DHS Secretary Janet Napolitano announced two weeks ago that she would step down in September to become chancellor of the University of California system after nearly five years at the helm. Within hours, Schumer spoke with White House chief of staff Denis McDonough and publicly called for Kelly to replace Napolitano. It is unlikely that the politically savvy Schumer would have floated Kelly's name without first talking to the police commissioner.
"The Department of Homeland Security is one of the most important agencies in the federal government. Its leader needs to be someone who knows law enforcement, understands anti-terrorism efforts, and is a top-notch administrator, and at the NYPD, Ray Kelly has proven that he excels in all three," Schumer said in a statement.
"As a former head of the Customs and Border patrol [sic], he has top-level federal management experience. There is no doubt Ray Kelly would be a great DHS Secretary, and I have urged the White House to very seriously consider his candidacy. While it would be New York’s loss, Commissioner Kelly’s appointment as the head of DHS would be a great boon for the entire country," he continued. "Janet Napolitano has done an outstanding job, and if I had to give her a grade on her tenure, it would be ‘A+.’ We need someone just as good who can fill her shoes.”
In an interview with the New York affiliate of Spanish-language television network Univision, according to a report in Capitol Hill newspaper Roll Call
, Obama said Kelly would make a good candidate to lead the DHS.
"Mr. Kelly might be very happy where he is, but if he's not, I'd want to know about it because obviously, he'd be very well-qualified for the job," Obama said.
He called Kelly "one of the best there is" and said, "Ray Kelly's obviously done an extraordinary job in New York, and the federal government partners a lot with New York."
Kelly was under secretary for enforcement at the Treasury Department from 1996 to 1998, where he supervised U.S. Customs; the Secret Service; the Bureau of Alcohol, Tobacco and Firearms; and the Federal Law Enforcement Training Center.
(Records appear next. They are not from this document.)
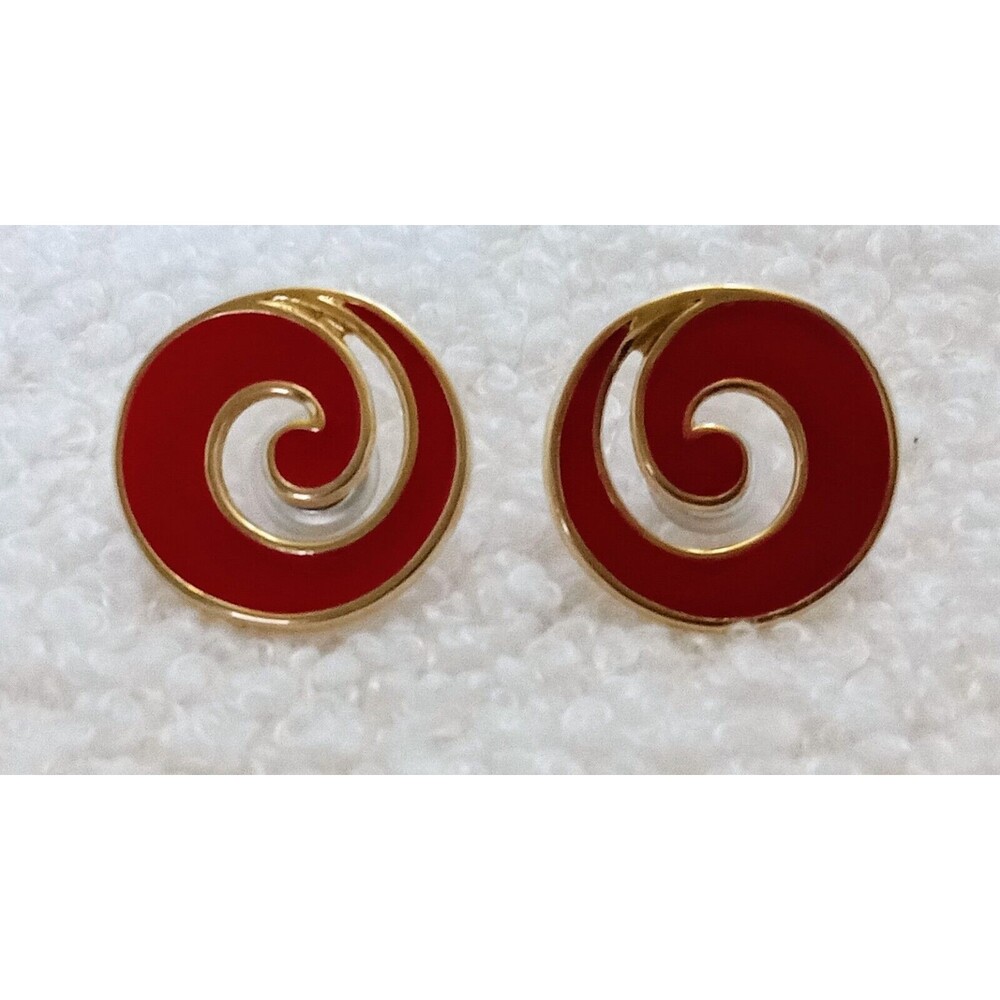 Vintage Monet Goldtone Red Enamel Swirl Post Earrings - Picture 7 of 8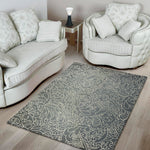 White And Grey Western Floral Print Area Rug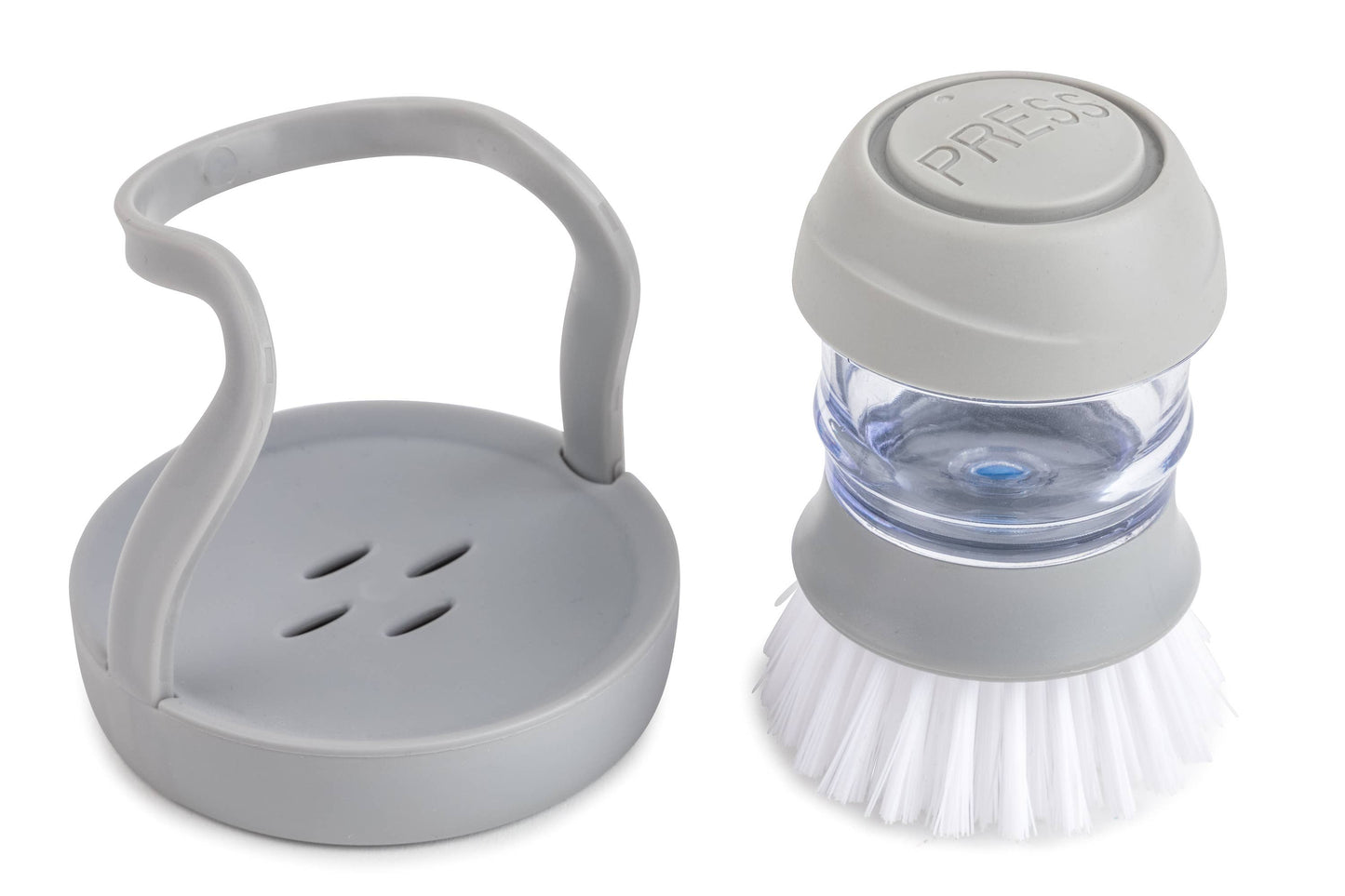 Dispensing Soap Scrub Brush with Holder - Pewter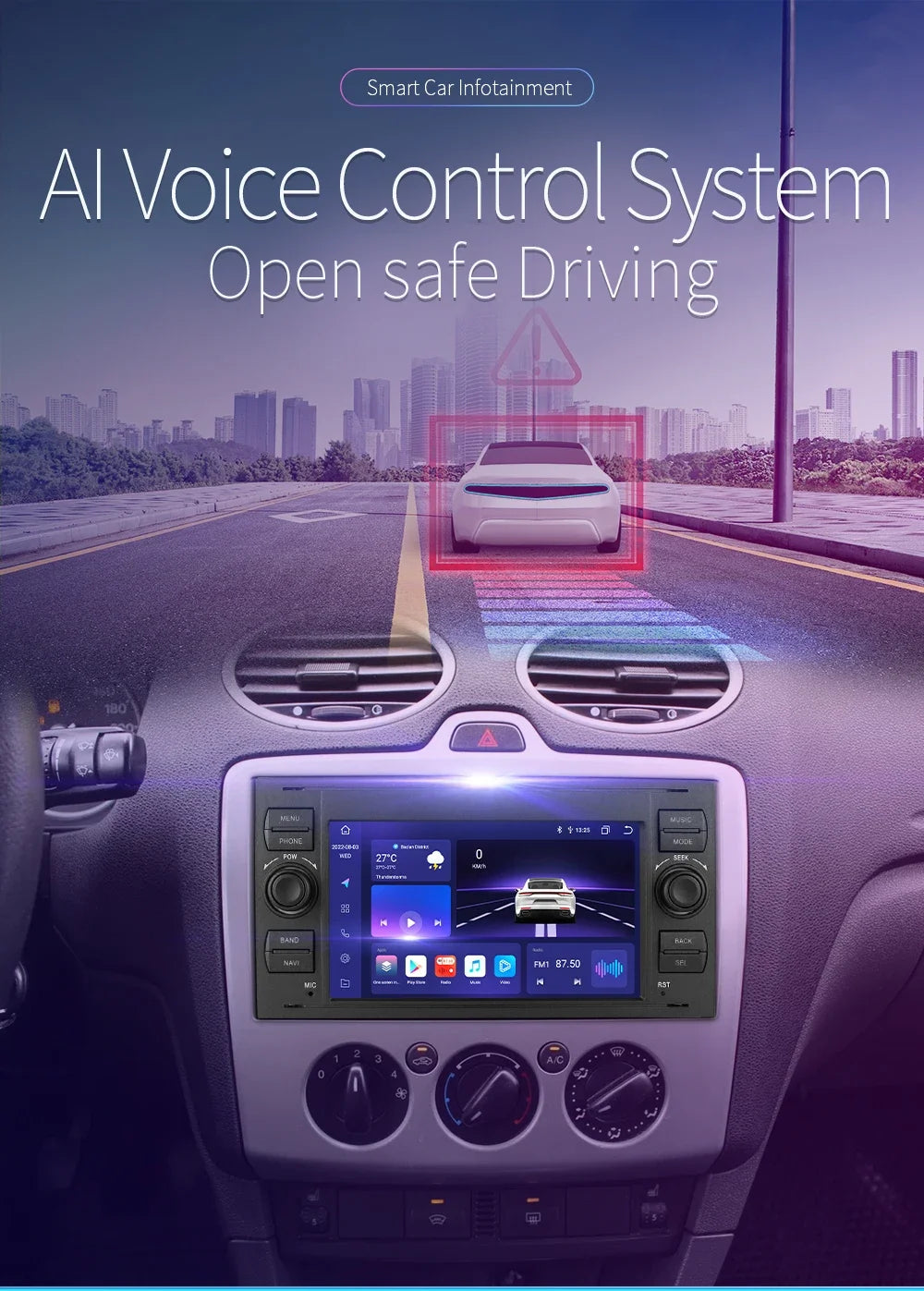 2din Carplay Android Car Radio Multimedia Player for Ford Mondeo Fiesta S-max Focus Galaxy Transit Fusion Connect Kuga GPS NOCAN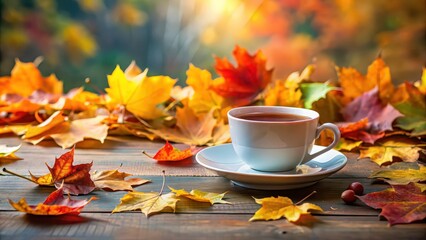 A serene image of a cup of tea surrounded by colorful autumn leaves, tea, autumn, leaves, fall, beverage, drink, nature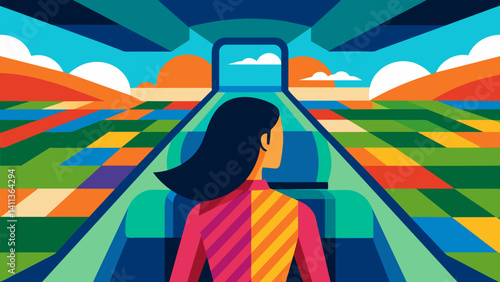 A woman marveling at the colorful patchwork of fields and meadows from her seat in the air taxi.. Vector illustration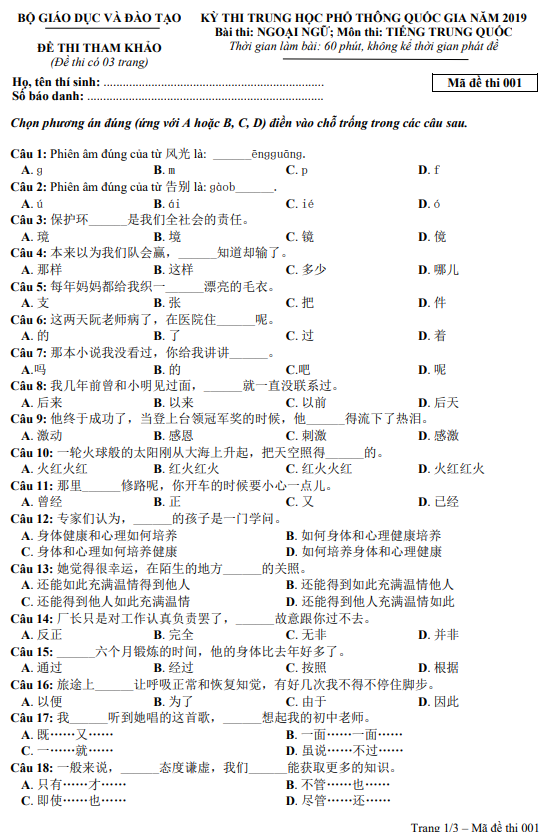 Đề thi tham khảo tiếng Trung THPT quốc gia 2019 - Ảnh 1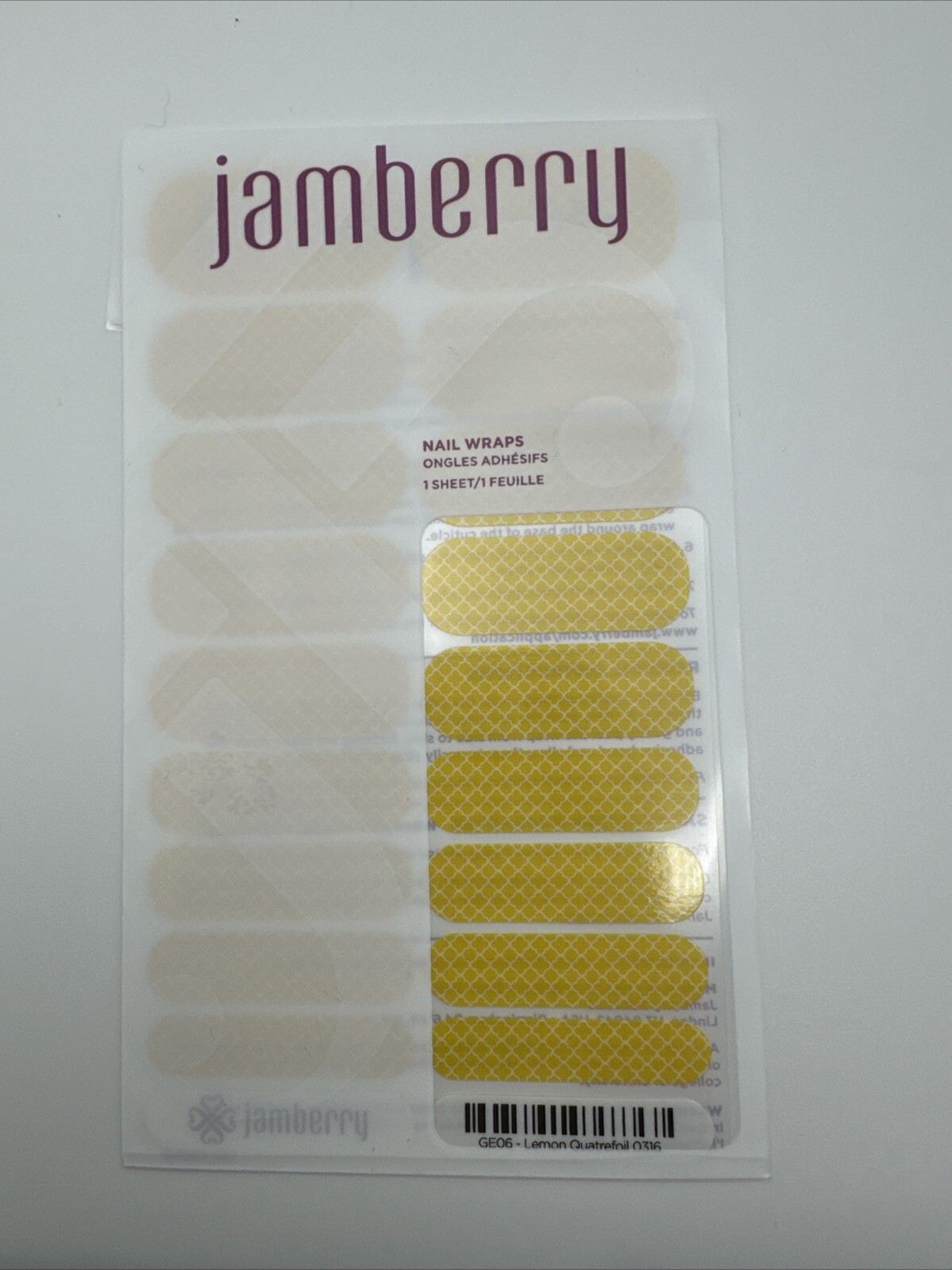 Jamberry Nail Wraps Lemon Quartrefoil Full Sheet (yellow Graphic)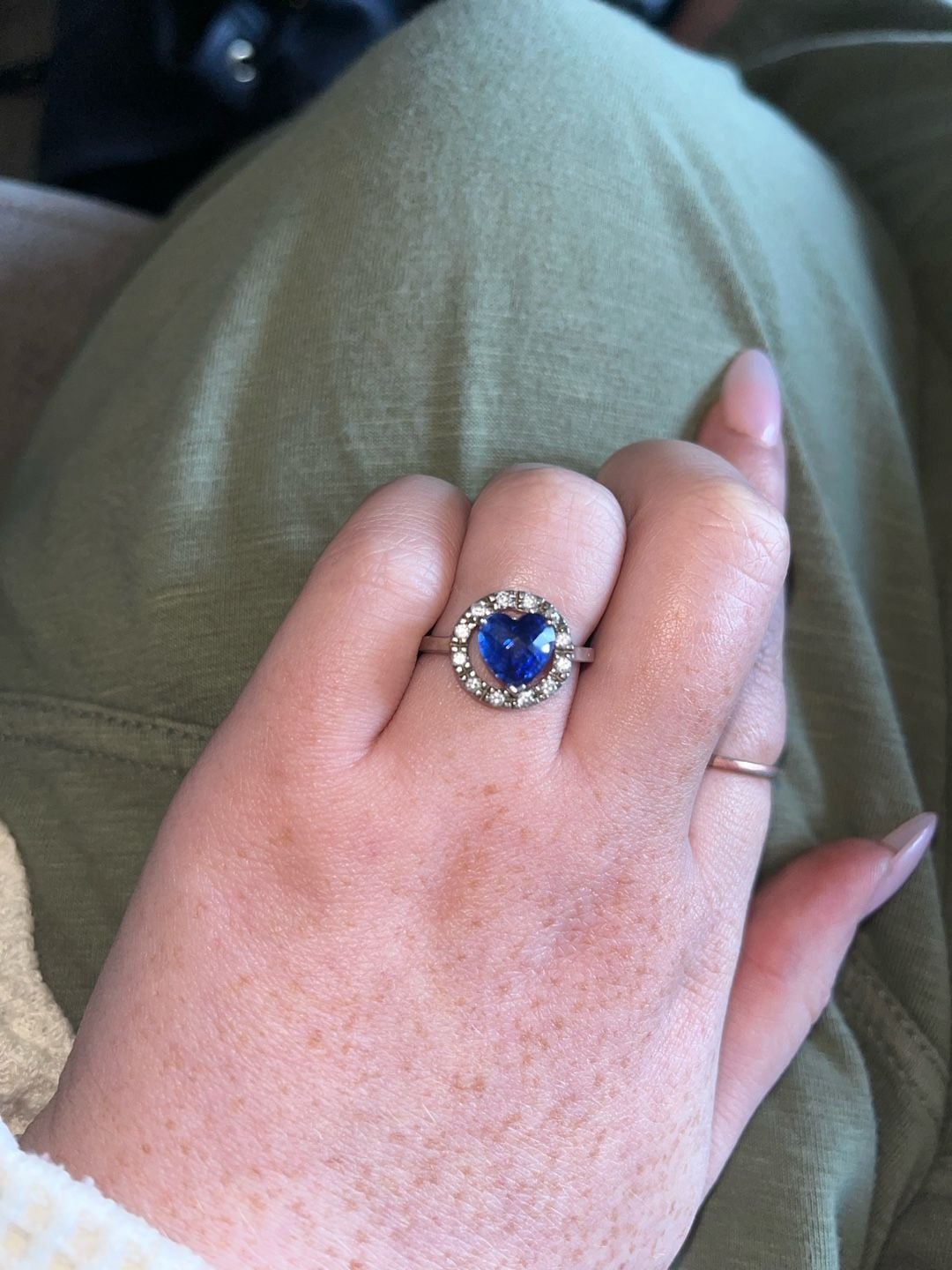 Heart Blue Sapphire Diamond 925 Sterling Silver Ring 1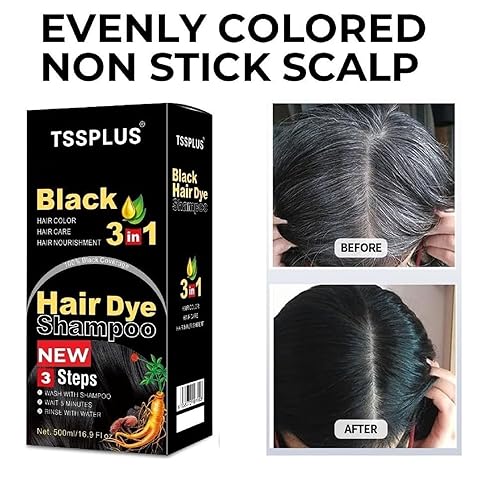 Miniatura 9 de TSSPLUS Champú seco 169fl oz de hierbas naturales de color negro para el cabello champú permanente para colorear unisex cabello negro champú natural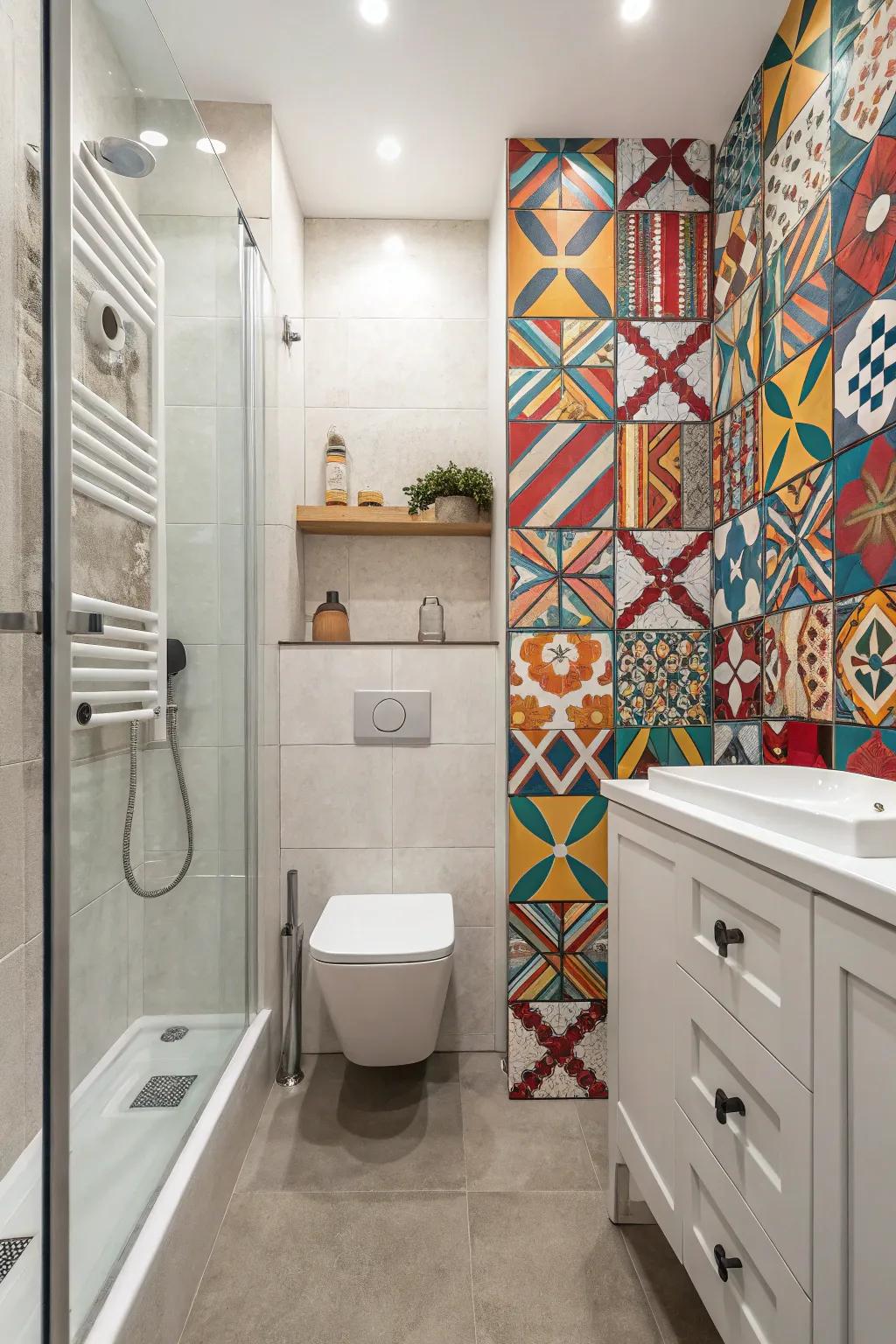 Accent walls add depth and interest to compact bathrooms.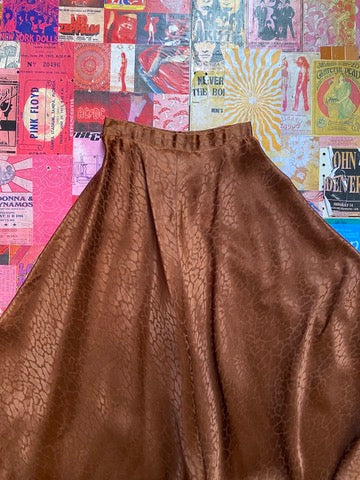 Brown Leopard Print Maxi Skirt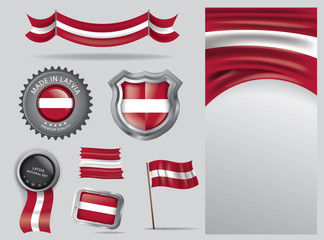 Made in Latvia seal, Latvian flag and color  --Vector Art--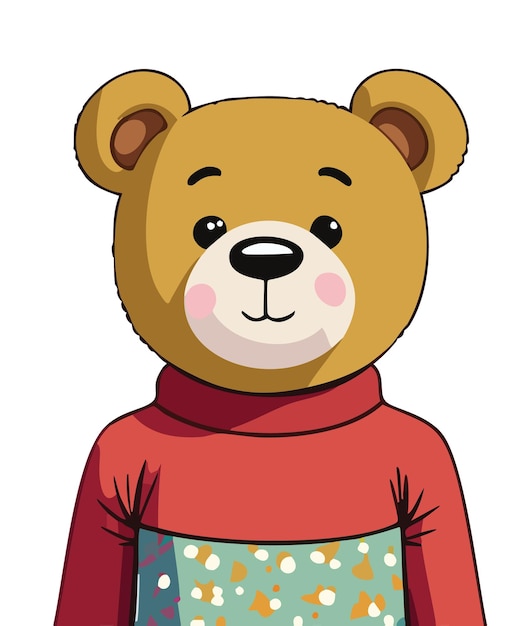 Vector un oso con un personaje de dibujos animados vectorial de suéter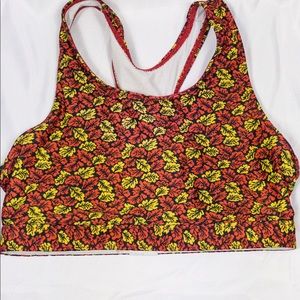 Fall leaf styled sports bra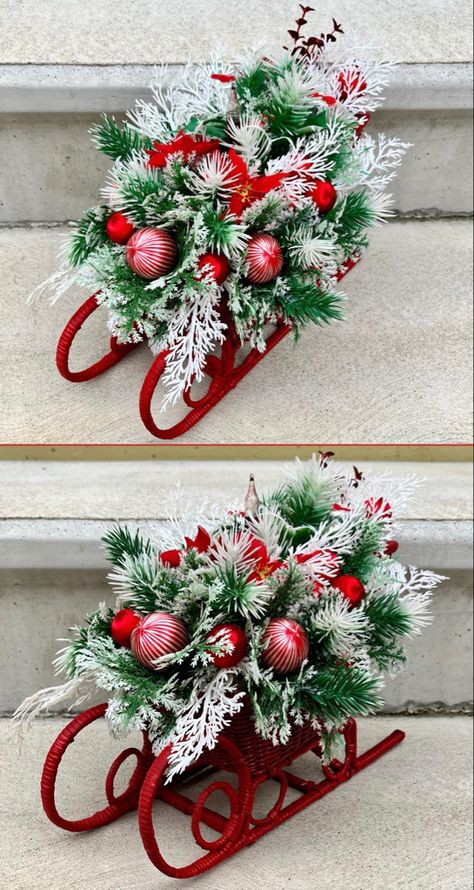 VINTAGE RED WICKER SLEIGH. I found this vintage red wicker sleigh (7”H x 12”L) at a thrift store. I added vintage greenery, vintage satin ornaments, glittery white branches, silk poinsettias, and a bubble light. Everything inside the sleigh was thrifted, as well. White Branches, Diy Christmas Lights, Bubble Lights, Christmas Centerpieces Diy, Christmas Centerpieces, Christmas Crafts Diy, Poinsettia, Red Christmas, Christmas Lights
He took the Customs post, which actually was a step down in rank, when he couldn't find a suitable replacement for then-commissioner George Weiss and because he relished having an operational command, according to Banks.
Since his departure in early September 2001, Customs has tripled in size to 60,000 employees and been moved from Treasury as part of the post 9/11 governmental reorganization that resulted in the creation of DHS. Customs has also absorbed Border Patrol and become heavily focused on anti-terrorism. DHS, which oversees 22 agencies itself, has grown into an enormous bureaucracy that many analysts say still lacks the institutional capacity of more mature departments to properly manage functions such as procurement, personnel, IT development, and policy development.
Those who know him say Kelly, now in his second tour as NYPD chief, has a very hands-on management style.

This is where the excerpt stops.